Salários acima da média, cursos que podem ser financiados e emprego (quase) garantido. Há cada vez mais portugueses a reprogramar a sua vida.
Por Cátia Rocha e Rui da Rocha Ferreira
Quer ganhar vinte mil euros brutos por ano? Quer ter emprego garantido e com boas perspetivas de carreira? Está disposto a mudar de vida? Se respondeu “sim” a estas questões, então aquilo que procura é um curso intensivo de programação – e em Portugal existem cada vez mais.
Saber programar não é só o futuro, é o presente.
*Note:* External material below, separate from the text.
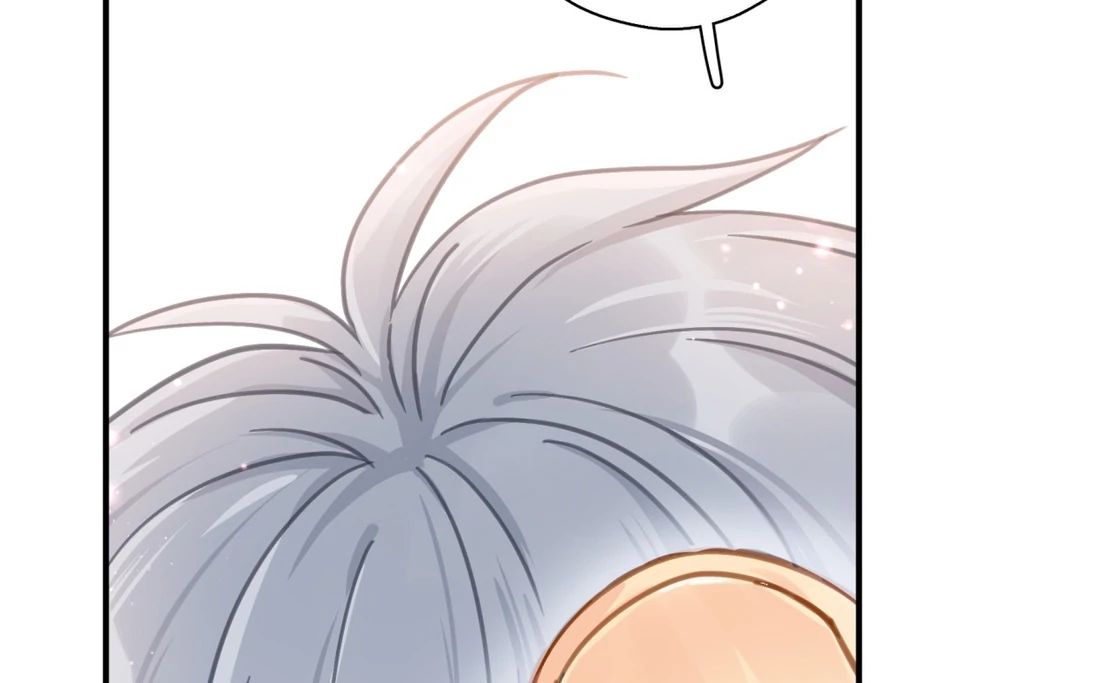 Unexpected Luck - Chapter 67 manhwa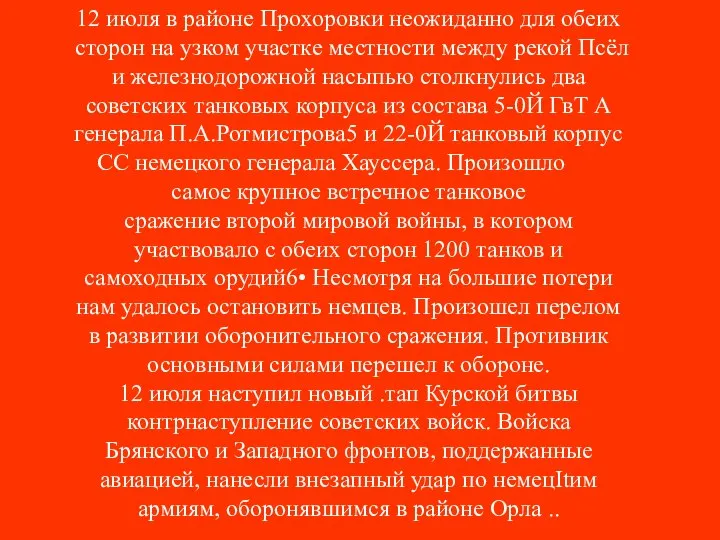 12 июля в районе Прохоровки неожиданно для обеих сторон на узком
É por isso que muitos estão a deixar os seus empregos e formações universitárias para apostar tudo nestes cursos que os transformam, em poucas semanas, em programadores.
“A alta empregabilidade é uma das mais visíveis bandeiras do nosso sucesso e ronda os 96%”, diz-nos João Magalhães, diretor executivo da Academia de Código, empresa portuguesa que dá formação em programação e uma das mais antigas a operar neste segmento de mercado. O ordenado médio mensal dos formandos “ronda os 1150 euros”, garante.
Já a IronHack, uma empresa nascida em Madrid há cinco anos e que chegou a Portugal no final de 2018, também tem uma empregabilidade alta. “88% dos nossos estudantes encontram trabalho imediatamente após o bootcamp”, adianta Alvaro San Pedro, diretor-geral para o mercado português.
Isto acontece porque Portugal tem neste momento um problema de talento tecnológico: as empresas têm mais vagas do que pessoas formadas disponíveis. Parte desta tendência justifica-se com a digitalização de todos os setores de negócio, mas o grande motivo está relacionado com a chegada ao país de muitos investimentos estrangeiros de grande escala e que estão a colocar pressão no mercado de trabalho tecnológico.
“As universidades não conseguem, não têm neste momento estrutura que permita dar resposta à procura das empresas. Daí que nos tenhamos voltado para a requalificação de profissionais”, explica Aurélie Rodrigues, responsável de qualificação na tecnológica Critical Software.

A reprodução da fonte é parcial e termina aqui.